Happily, a hat for me came from a rack in the children’s or the teen department, unlike my mother, who sat me down next to her in the hat department, where she would try on various styles in front of a bevy of carefully positioned mirrors so that each possible selection could be viewed from all angles, ably assisted by a salesperson who dutifully admired each one. I just couldn’t picture myself doing that — ever. Not as a youngster, nor as the current senior citizen I have become, or any of the years between.

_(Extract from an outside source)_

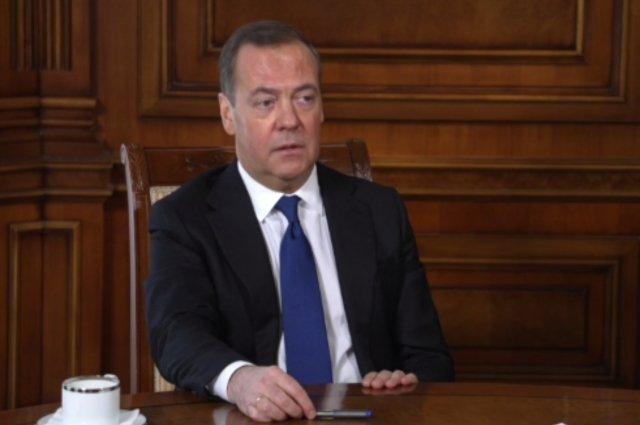 Медведев предложил назначить премию за каждого убитого на Украине военного НАТО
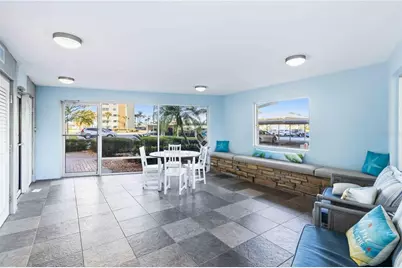 4550 Cove Circle #303, Saint Petersburg, FL 33708 - Photo 30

Why am I telling you about my mother and her hats and my new clothing? Because my father, who it seemed to me had a lifetime assignment as president of our shul, took his responsibilities seriously, particularly during the High Holidays, when a president’s duties quadruple, as I can attest. My father believed this was a time for inspection as well as for introspection. His family, including his tomboy daughter, would be properly outfitted for inspection, and properly schooled in the intentions of introspection — to look inside ourselves and determine for ourselves where we could do better as family members, community members and, most importantly, as Jews.

To begin a new year with a clean slate meant inside and out, he said, hence the new clothing. Why we couldn’t clean our slates in last year’s togs (well, I could understand about my brother, who had grown six inches), but why me, although who was I to argue, except maybe about the hat.)

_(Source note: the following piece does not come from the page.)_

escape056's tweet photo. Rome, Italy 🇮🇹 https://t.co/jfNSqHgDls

I can’t vouch for my brother, but I took the clean slate assignment to heart, and tried to do better, at least for a few days. And truth be told, I think new clothing helped the cause. Because I looked fresh and new, I felt fresh and new, and didn’t want to sully my new togs with last year’s transgressions.

Now, more decades later than I care to count, I still enter shul carrying the past year’s indiscretions on my shoulders and, although more than likely in last year’s outfits, which still fit and hardly have had any use thanks to a spotty social calendar, but I leave feeling fresh and new after an honest assessment of the past year and my place in it.

I hope that you, too, look forward to the onset of the High Holidays and the opportunity to leave shul feeling fresh and new, unburdened by what cannot be undone, and looking positively ahead at new opportunities to connect more closely with those we love at home and in our neighborhoods and communities and, most importantly, as Jews — particularly now with escalating threats to the Jewish homeland, and antisemitic activity increasing around the world. May each of us be a missionary for peace.

Shanah Tovah to all. May your days be sweet throughout the year.